Türkiye siyaseten çok hareketli bir dönemde seçimlere gidiyordu. Politik cinayetler ve suikastlar hazırlanarak darbe zemini yavaş yavaş oluşturuluyordu. CHP Genel Başkanı Bülent Ecevit, bu tıkanmışlığın ve ortamın askeri darbeyle sonuçlanacağını, ülke gençliğinin önüne geçileceğinin ve hatta bazılarının asılacağının farkındaydı. Bunun önüne ancak demokrasi ve halkın sahaya inmesiyle geçilebilirdi.

Bir afiş hazırlatıldı. Üzerine sadece şunlar yazıldı. “ANALAR, çocuklarınızı oylarınızla koruyun.” O seçimlerde CHP %42 ile çok partili hayattaki en yüksek oyunu aldı. Elbette adaletsiz seçim kanunu (Barajsız D'Hondt sistemi) nedeniyle çoğunluğu sağlayamadı sürecin sonunda darbe oldu. Yüzbinlerce genç gözaltına alındı, tutuklandı ve bazıları idam edildi…
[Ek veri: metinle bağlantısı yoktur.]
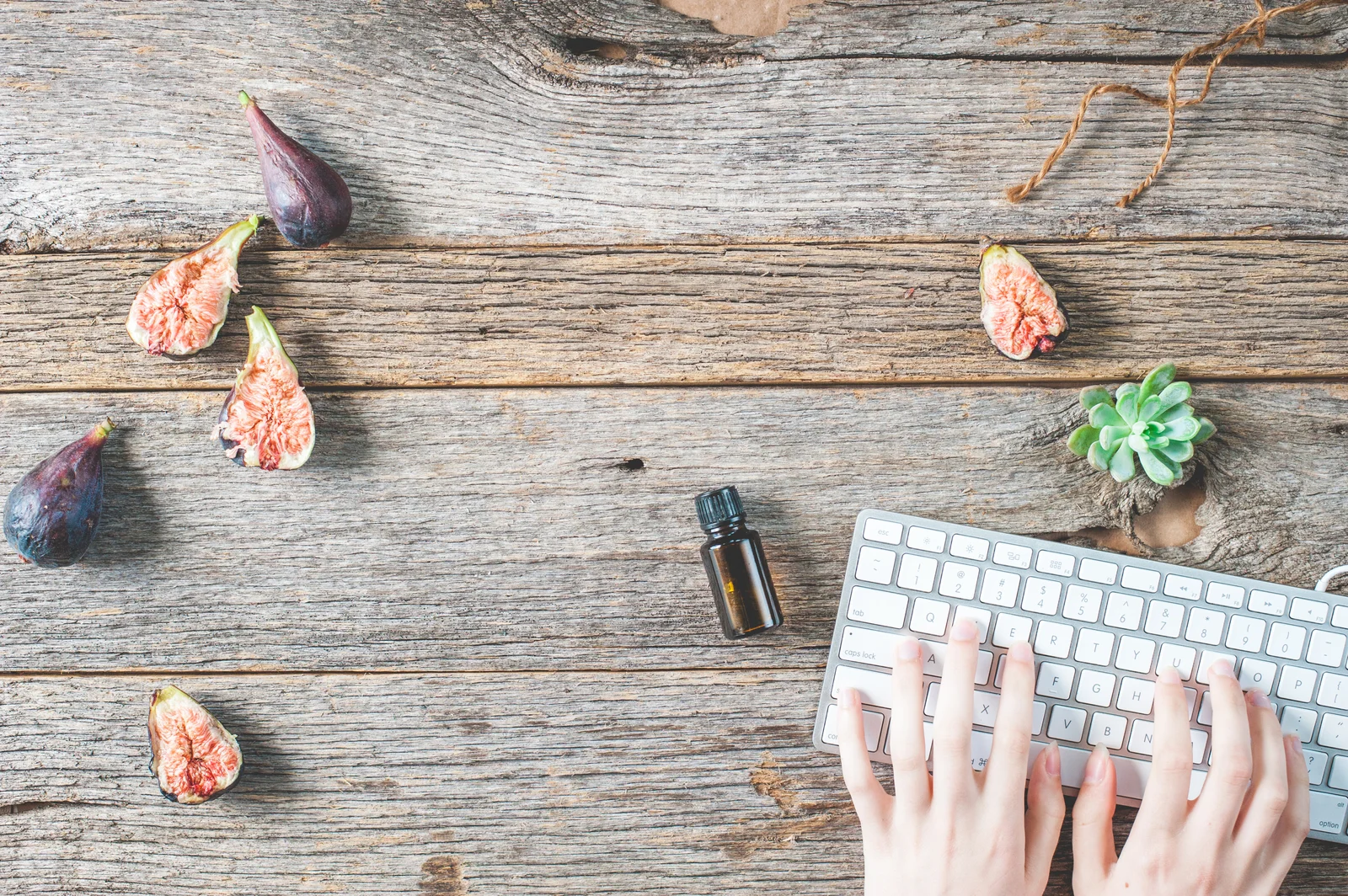 Earning $ with doTERRA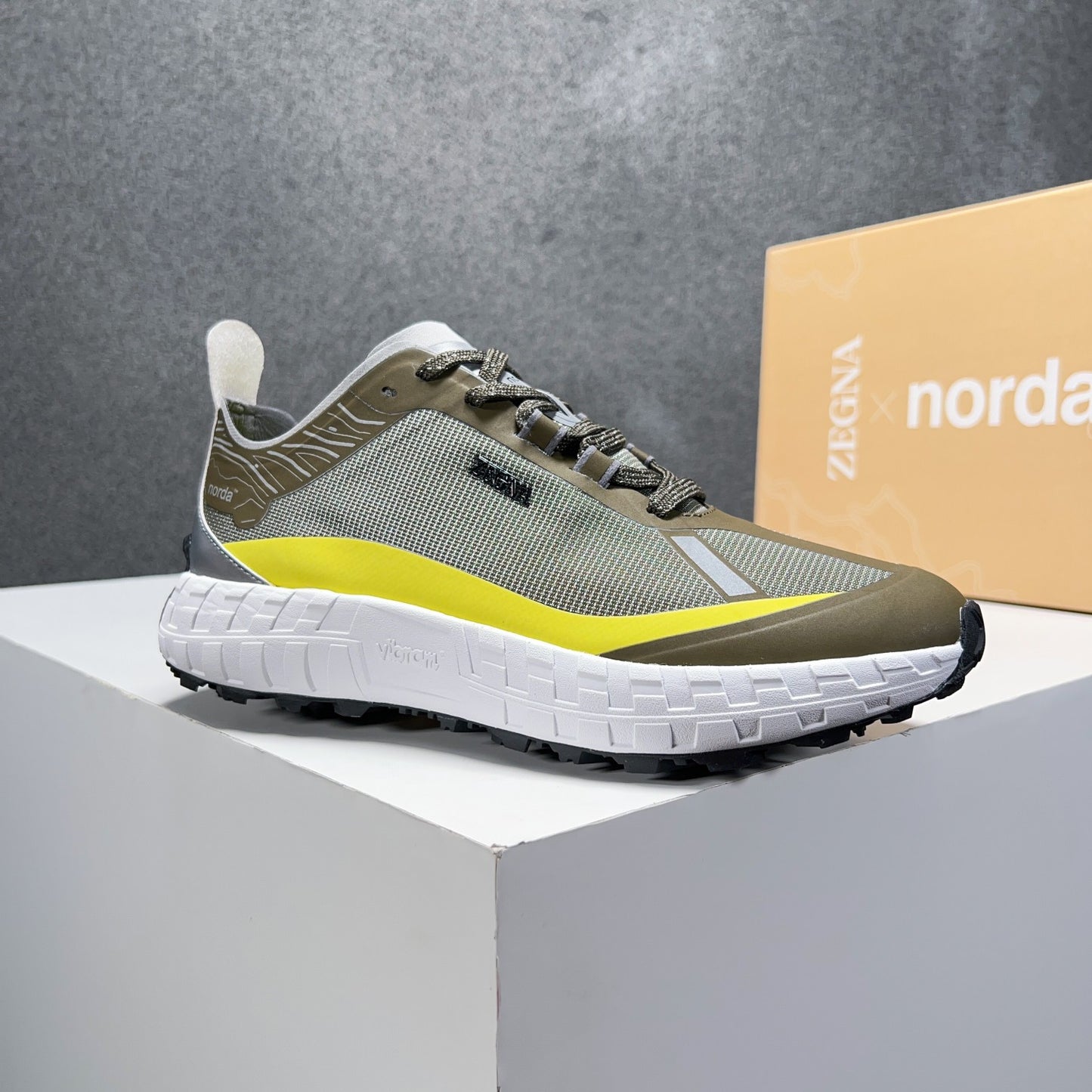 Zegna-022Shoes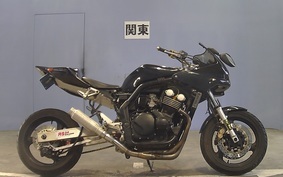 YAMAHA FZ400 1998 4YR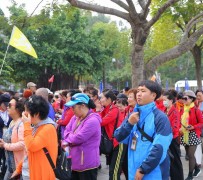 北流私人伴游是什么 杭州一女大学生出租自己做陪游 每天收费千元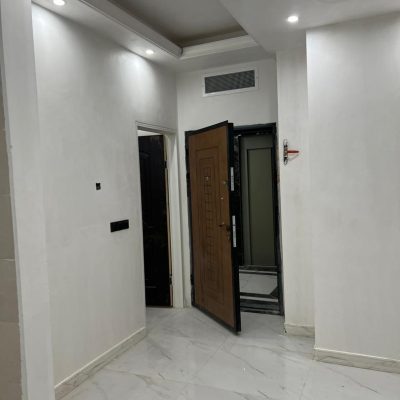 1000649157-1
ÖZ’etle; insanlar Atatürkçü, sağcı, solcu, liberal, muhafazakar, dindar, sosyalist olsun ya da olmasın. Çocukların ideolojisi olmaz ancak çocukları koruyacak ideoloji olur! Bu, salt bir siyasi partiye de mal edilemez. Tüm toplumun vicdani görevi, politikanın da hukuki sorumluluğudur. Çocukları korumak için taraf olmak gerekiyor. Taraf olmazsak; on binlerce çocuk daha bertaraf olmaya devam edecek.

ANALAR, çocuklarınızı oylarınızla koruyun!